Amidst this controversy, few, if any, have addressed the Catholic identity issue at Notre Dame and other Catholic colleges and universities. This issue can be traced back to 1955, when John Tracey Ellis, a leading Catholic historian, decried the lack of intellectual excellence at Catholic universities. Unless this changed, he argued, institutions like Notre Dame would never be ranked among America’s elite universities. The larger Catholic institutions took the hint. But rather than engaging and purifying American culture, Catholic scholars imitated it. Still worse, they did so at the very moment when American culture was veering away from its Protestant past and towards a more secular and sexualized future.
For instance, by the early 1960s Notre Dame, with the help of the Rockefeller Foundation, was involved in sponsoring birth control conferences at the University. In the 1967 Land O’ Lakes Statement, Notre Dame led other Catholic colleges and universities in declaring their independence from Church authority so that they could tap into money from private foundations and government grants. In 1968, theology departments at Catholic universities led the protest against Humanae Vitae, Pope Paul VI’s ban on artificial contraception.

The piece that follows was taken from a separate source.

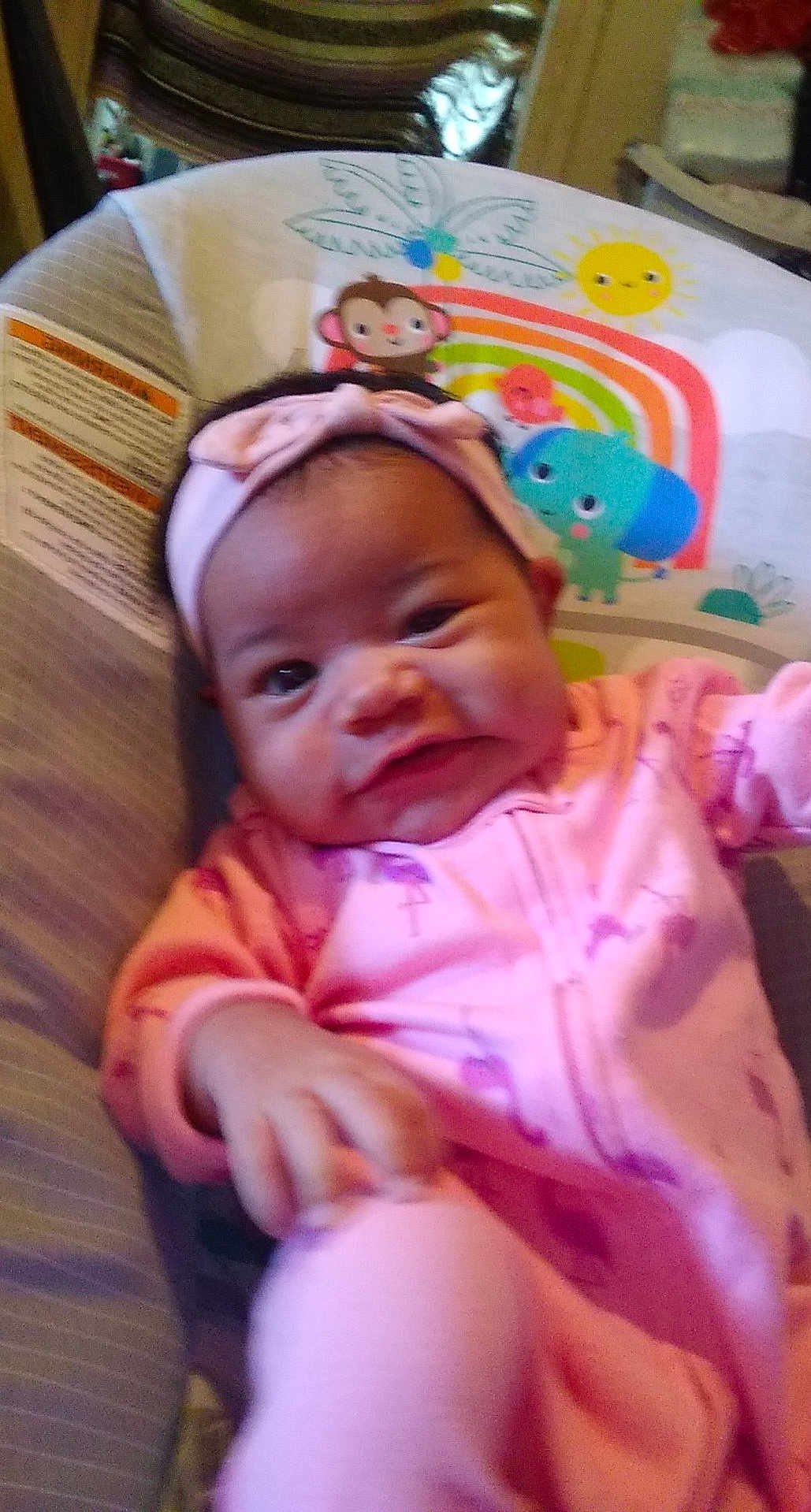Billie joined the competition — help win amazing prizes! baby, infant, pink_clothing, headband, bow, baby_chair, cartoon_animals, monkey, elephant, sun, colorful, indoor, child, face, hand, cute, smile, portrait, young_child, cozy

In a letter to Jenkins, Bishop Thomas Olmsted of Phoenix has described the invitation as "a public act of disobedience" to US bishops. But this is hardly the first time a Catholic university has defied bishops. Many of them, with Notre Dame often in the lead, have been ignoring them for years. As long ago as 1989, a book, Is Notre Dame Still Catholic? complained that a 1982-83 survey showed that most theology professors denied the divinity of Christ, that a homosexual and lesbian culture existed on campus, and that some faculty and staff actively supported abortion. A second edition — now in press — updates the scorecard with incidents like a campus screening of The Last Temptation of Christ, repeated efforts to host a gay film festival and the Vagina Monologues, and so on.
I’m a fan of Moby Dick, the great novel by Herman Melville. The monomaniacal, peg-legged Captain Ahab pursues a gigantic white sperm whale across the globe. When he finally harpoons it, Moby Dick stoves the ship and takes Ahab and the crew down to Davey Jones. Only the narrator , Ishmael, is left to tell the tale, with a coffin keeping him afloat until he is rescued.
Is there a lesson in this for Notre Dame? I think so. For nearly half a century, the university has pursued monomaniacally its gigantic obsession with prestige amongst its secular colleagues. No doubt these have applauded its growing independence from traditional values and from the intellectual discipline of Catholic teaching. Obama’s visit is a triumphant symbol of the fact that it is drearily like every other secular university in America. It has harpooned its whale.
But what comes next? Will Notre Dame sink in the seas of relativism? As I write, rumors abound that Father Jenkins will be removed or step down, although it is unlikely that his successor will steer a different course. Financially, these are tough times for universities, as for everyone else. Will deep-pocketed but disenchanted alumni close their wallets? Will bright students go elsewhere for a Catholic education? I don’t know, but I’m stocking up my coffin with extra rations.
Omar O'Shaughnessey is the pen name of a junior academic at Notre Dame.